» **Extracted records**
▼▼▼
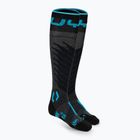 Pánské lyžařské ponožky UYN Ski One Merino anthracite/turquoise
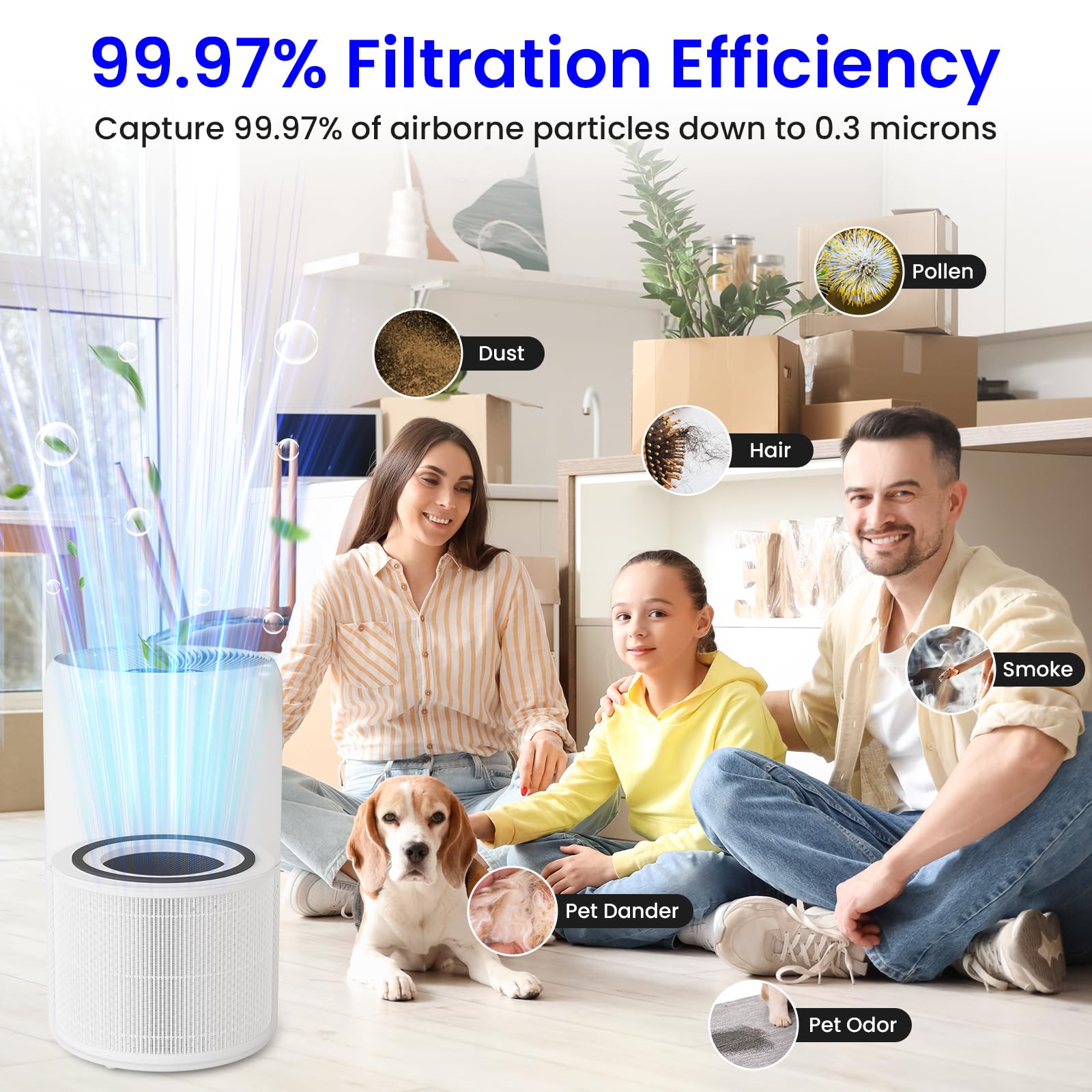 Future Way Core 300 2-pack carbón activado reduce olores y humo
▲▲▲
▼▼▼
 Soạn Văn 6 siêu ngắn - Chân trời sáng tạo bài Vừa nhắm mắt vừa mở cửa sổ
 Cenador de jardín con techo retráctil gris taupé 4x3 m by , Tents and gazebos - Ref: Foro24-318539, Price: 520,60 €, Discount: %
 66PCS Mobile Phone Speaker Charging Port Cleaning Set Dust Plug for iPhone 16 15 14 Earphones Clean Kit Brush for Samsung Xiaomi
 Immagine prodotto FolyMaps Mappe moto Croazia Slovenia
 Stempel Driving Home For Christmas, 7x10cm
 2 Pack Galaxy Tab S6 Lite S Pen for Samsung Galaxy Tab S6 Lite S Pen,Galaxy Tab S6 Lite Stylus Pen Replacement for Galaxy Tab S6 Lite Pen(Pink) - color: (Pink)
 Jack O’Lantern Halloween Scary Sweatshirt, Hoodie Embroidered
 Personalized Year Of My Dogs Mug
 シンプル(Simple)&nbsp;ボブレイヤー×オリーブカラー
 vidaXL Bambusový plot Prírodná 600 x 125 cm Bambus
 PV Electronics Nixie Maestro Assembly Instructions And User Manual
▲▲▲
▼▼▼
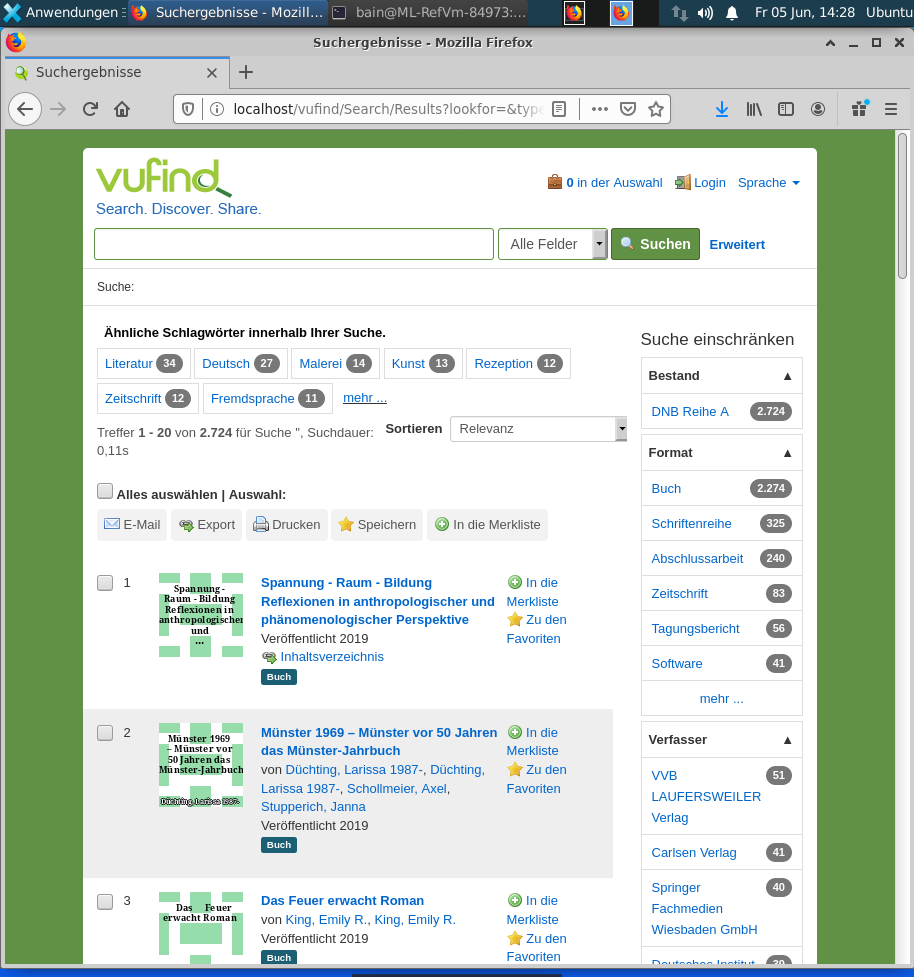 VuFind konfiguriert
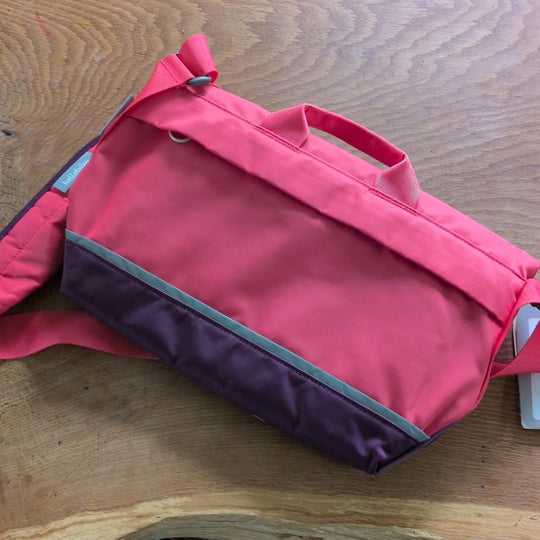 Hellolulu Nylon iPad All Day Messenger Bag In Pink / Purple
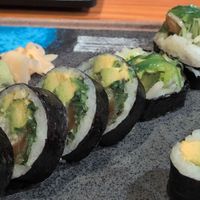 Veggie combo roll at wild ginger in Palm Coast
▲▲▲
» **Activity**
Exact copy, pictures excluded: from the line with "Pánské lyžařské ponožky" up to and including the line with "Future Way Core" in the data above.

» **Written reply**
 Pánské lyžařské ponožky UYN Ski One Merino anthracite/turquoise
 Future Way Core 300 2-pack carbón activado reduce olores y humo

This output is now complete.